**Collected data**.

--------

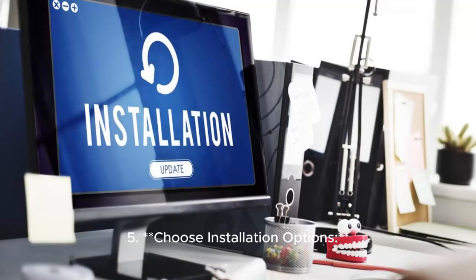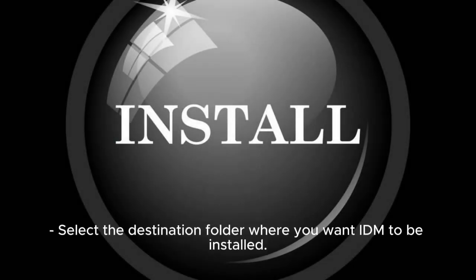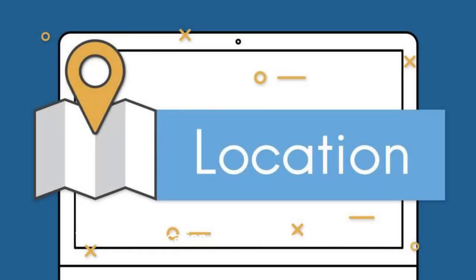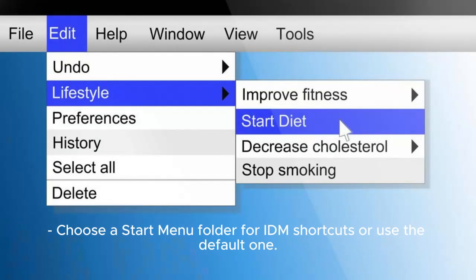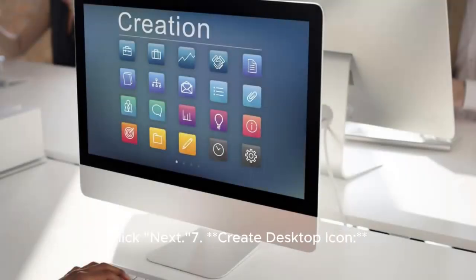Step 5: Choose Installation Options. Select the destination folder where you want IDM to be installed. The default location is usually fine for most users. Click Next. Step 6: Select Start Menu Folder. Choose a Start Menu folder for IDM shortcuts or use the default one, then click Next.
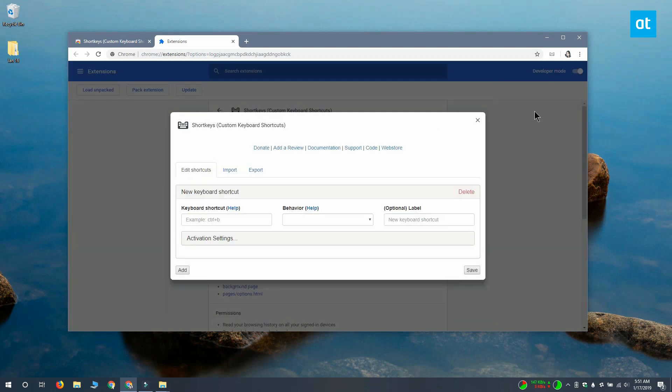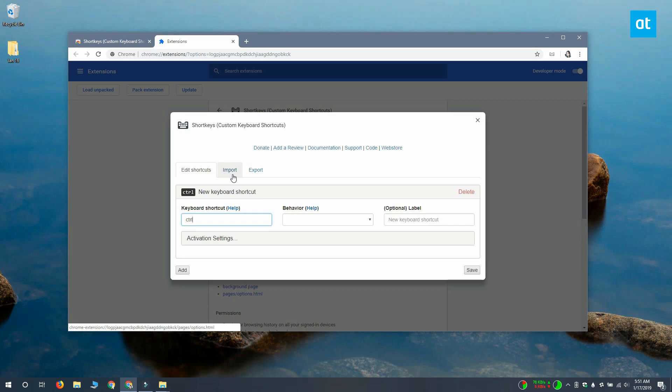On the options page, click this add button down here and in keyboard shortcut you want to type the keyboard shortcut that you want to disable. I want to disable the Ctrl plus D keyboard shortcut which bookmarks the current tab.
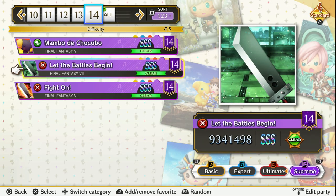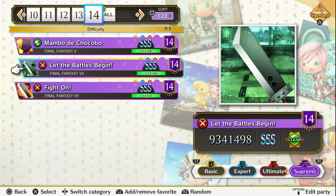And that's all you need to know about slide notes in Theatrhythm Final Bar Line. I hope you learned something from this video. If you didn't know this stuff before, implementing this into your gameplay will definitely improve your scores, for sure. Thank you very much for watching. Hope everyone enjoys Final Bar Line when it comes out — see you then!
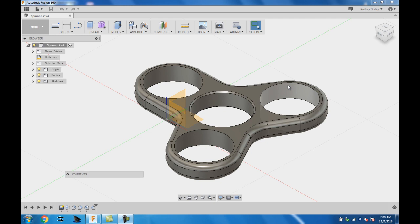We are going to be using Fusion 360 today to design a basic spinner or fidget toy. These are very popular right now. This particular one we're going to output in 3D printers, so in plastic.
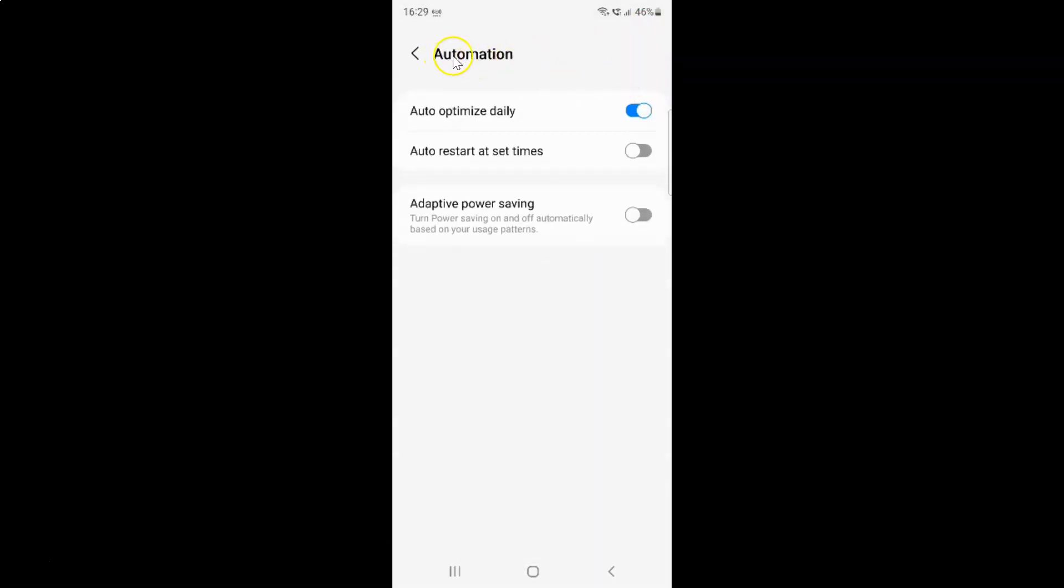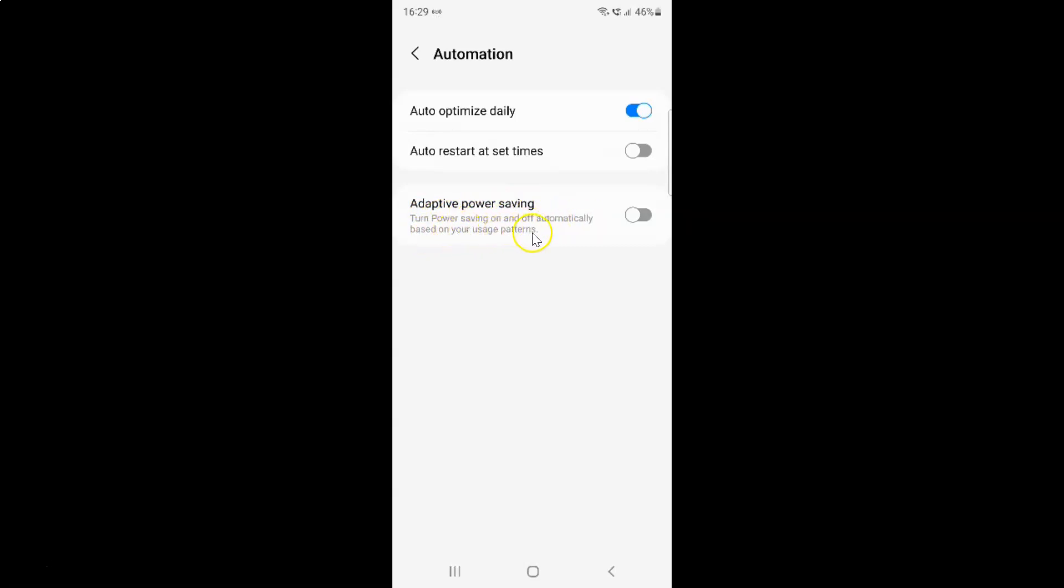And I have this automation. This is screen opened. And on the screen you can see here we have this adaptive power saving. Turn power saving on and off automatically based on your usage patterns. So currently it's disabled. You can see this toggle button is disabled next to it.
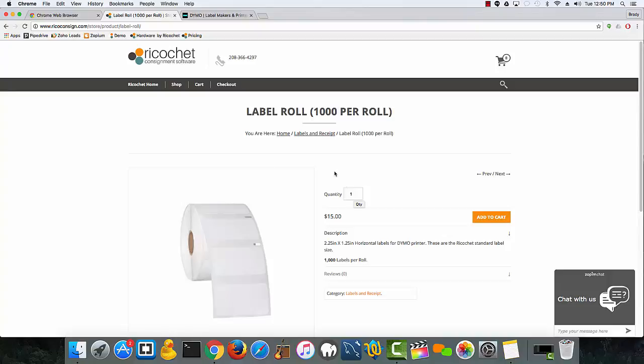Now that you've downloaded Google Chrome and have the right size labels, we need to download the right driver for the printer.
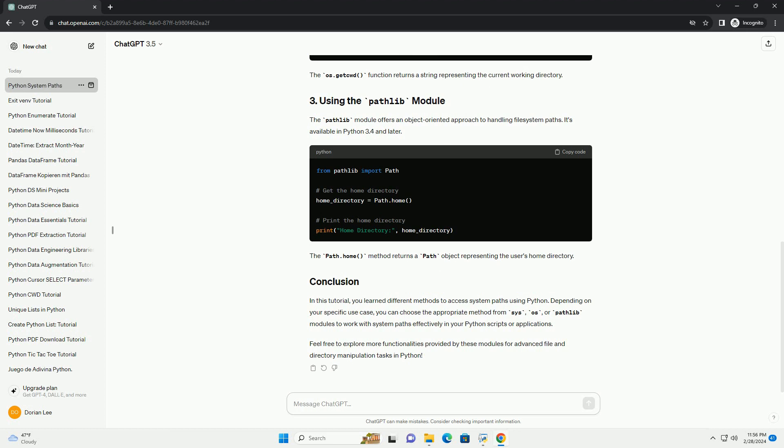The OS module in Python provides a portable way of using operating system-dependent functionality. It allows you to interact with the operating system, including accessing system paths.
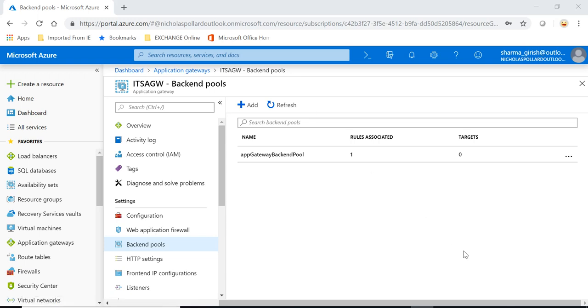Hello guys, welcome back to the channel IT simplified. This video is part two in continuation of application gateway configuration. If you've been following our track, in the last video we made application gateway with the name ITSAGW and as you can see under the backend pools I don't have any target server as of now.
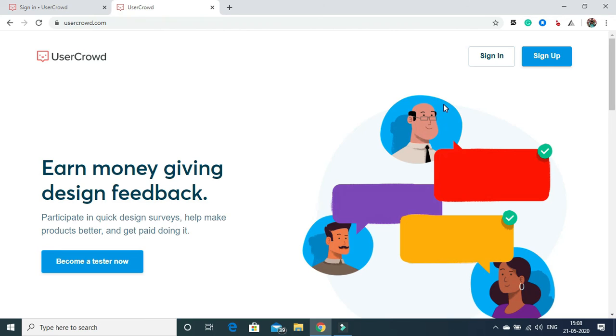The main principle should be affiliate marketing. For your pocket money during this pandemic time, you can go for this usercrowd.com also.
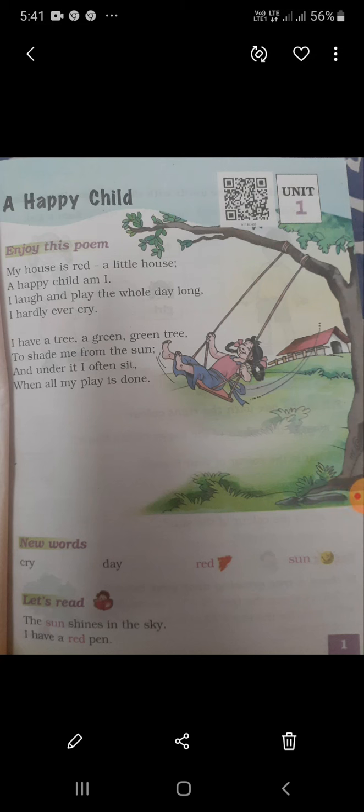Hello students, Pranam. English Unit 1 — Unit 1 is 'A Happy Child'.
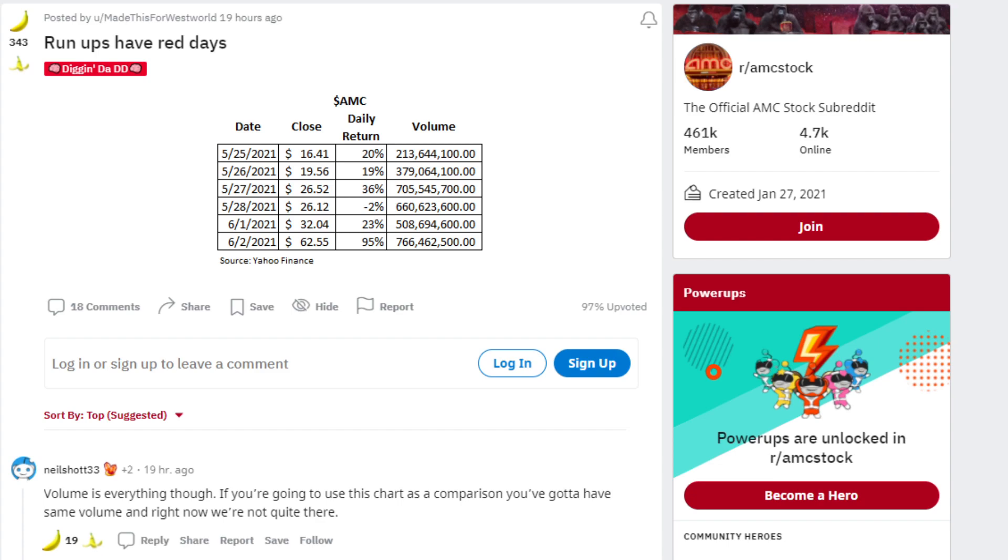May 27th, 2021, $26.52, 36% daily return and 705 million in trading volume.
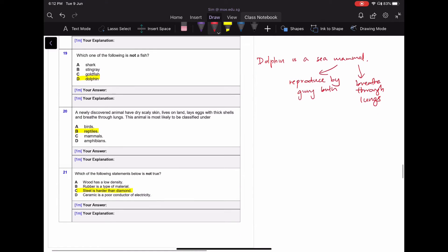For question twenty, the new organism has dry, scaly skin. When you see scaly skin it can only be a fish or a reptile, but since it's dry and lives on land, it must be a reptile. The question also states the eggs have thick, hard shells, which further supports that it is a reptile.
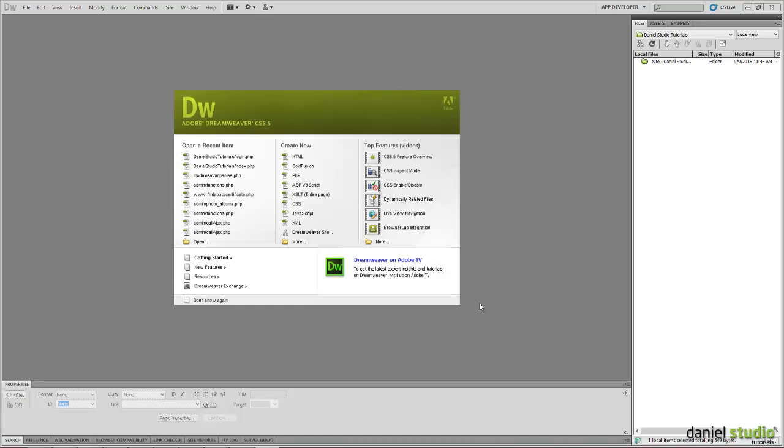Hello everybody! Welcome to Daniel Studio Tutorials. In this tutorial I will teach you how to create a PHP login form with MySQL authentication method.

--------

The entries are to be restated word for word, and no picture should appear in the copy.

Step 5: Choose Installation Options. Select the destination folder where you want IDM to be installed. The default location is usually fine for most users. Click Next. Step 6: Select Start Menu Folder. Choose a Start Menu folder for IDM shortcuts or use the default one, then click Next.
On the options page, click this add button down here and in keyboard shortcut you want to type the keyboard shortcut that you want to disable. I want to disable the Ctrl plus D keyboard shortcut which bookmarks the current tab.
And that's all you need to know about slide notes in Theatrhythm Final Bar Line. I hope you learned something from this video. If you didn't know this stuff before, implementing this into your gameplay will definitely improve your scores, for sure. Thank you very much for watching. Hope everyone enjoys Final Bar Line when it comes out — see you then!
We are going to be using Fusion 360 today to design a basic spinner or fidget toy. These are very popular right now. This particular one we're going to output in 3D printers, so in plastic.
And I have this automation. This is screen opened. And on the screen you can see here we have this adaptive power saving. Turn power saving on and off automatically based on your usage patterns. So currently it's disabled. You can see this toggle button is disabled next to it.
Now that you've downloaded Google Chrome and have the right size labels, we need to download the right driver for the printer.
The OS module in Python provides a portable way of using operating system-dependent functionality. It allows you to interact with the operating system, including accessing system paths.
Hello guys, welcome back to the channel IT simplified. This video is part two in continuation of application gateway configuration. If you've been following our track, in the last video we made application gateway with the name ITSAGW and as you can see under the backend pools I don't have any target server as of now.
The main principle should be affiliate marketing. For your pocket money during this pandemic time, you can go for this usercrowd.com also.
Hello students, Pranam. English Unit 1 — Unit 1 is 'A Happy Child'.
May 27th, 2021, $26.52, 36% daily return and 705 million in trading volume.
For question twenty, the new organism has dry, scaly skin. When you see scaly skin it can only be a fish or a reptile, but since it's dry and lives on land, it must be a reptile. The question also states the eggs have thick, hard shells, which further supports that it is a reptile.
Hello everybody! Welcome to Daniel Studio Tutorials. In this tutorial I will teach you how to create a PHP login form with MySQL authentication method.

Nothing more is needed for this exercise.